Apple has been ramping up production in India with the aim of making around 25% of global iPhones in the country in the next few years, as it looks to reduce reliance on China, where around 90% of its flagship smartphone is currently assembled.
“I said to Tim, I said, ‘Tim look, we treated you really good, we put up with all the plants that you build in China for years, now you got to build us. We’re not interested in you building in India, India can take care of themselves ... we want you to build here’,” Trump said.
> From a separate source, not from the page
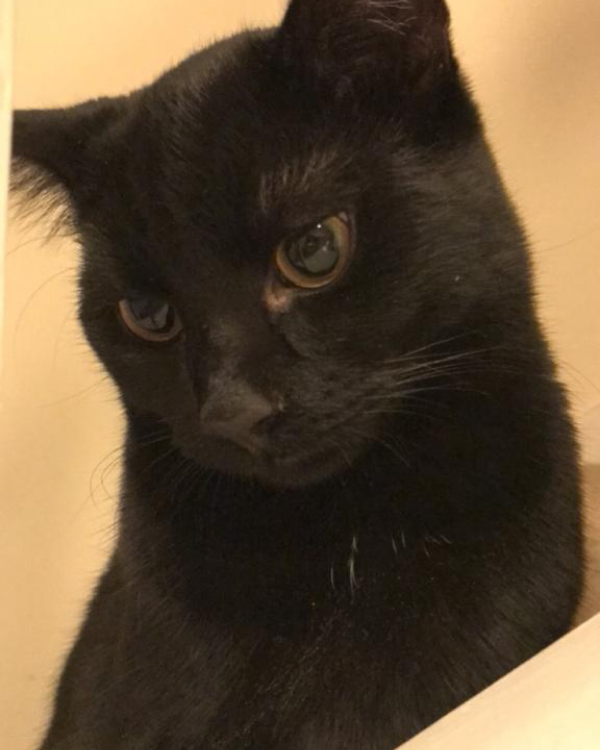 Missing Cat - Glenrothes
The U.S. president added that Apple is going to be “upping” its production in the United States, without disclosing further details.
CNBC has reached out to Apple.
Trump made the comments about the U.S. tech giant while discussing Washington’s broader trade relations with India.
Trump said India is “one of the highest tariff nations in the world,” adding the country has offered a deal to the U.S. where “they are willing to literally charge us no tariff.”
Under the White House’s trade protectionist policies revealed in April, Trump has imposed a so-called “reciprocal tariff” of 26% on Indian goods, which has been temporarily lowered until July.
Apple’s main assembly partner in India, Foxconn, received approval from the Indian government on Monday to build a semiconductor plant in the country in a joint venture with HCL Group.
Apple has spent decades building up its supply chain in China, but has looked to other countries like Vietnam and India to expand its production capacity.
But experts generally agree that moving production of the iPhone to the U.S. would be highly unlikely because of the final price of the end product. Varying estimates put the cost of an iPhone between $1,500 to $3,500, if it were made in the US.
Apple currently makes very few products in the U.S. Currently, the Cupertino giant produces the Mac Pro in the U.S. In February, it announced it would launch a manufacturing facility in Texas to produce servers for Apple Intelligence, its AI system.
Tim Apple lying?!?
But this is inching to fascism.
I’ll give it a try if there’s a free version. I don’t expect it to integrate as seamlessly with my SQL Server Express DB as MS tools. But it’s worth a try. Especially when my MS Visual Studio 2013 gets too old to use. LOL
Read the book.
Those phones cost less than $100 to build so Apple could easily make them here.
MySQL is used by some pretty major operations (e.g. Facebook). It isn’t Oracle, but it not accurate to call it lightweight. Even my favored FileMaker Pro can handle tables with 10,000,000+ records related to half-a-dozen other tables, with numerous calc and summary fields. It is all a matter of throwing enough hardware at it. God Bless SSDs and NVME storage.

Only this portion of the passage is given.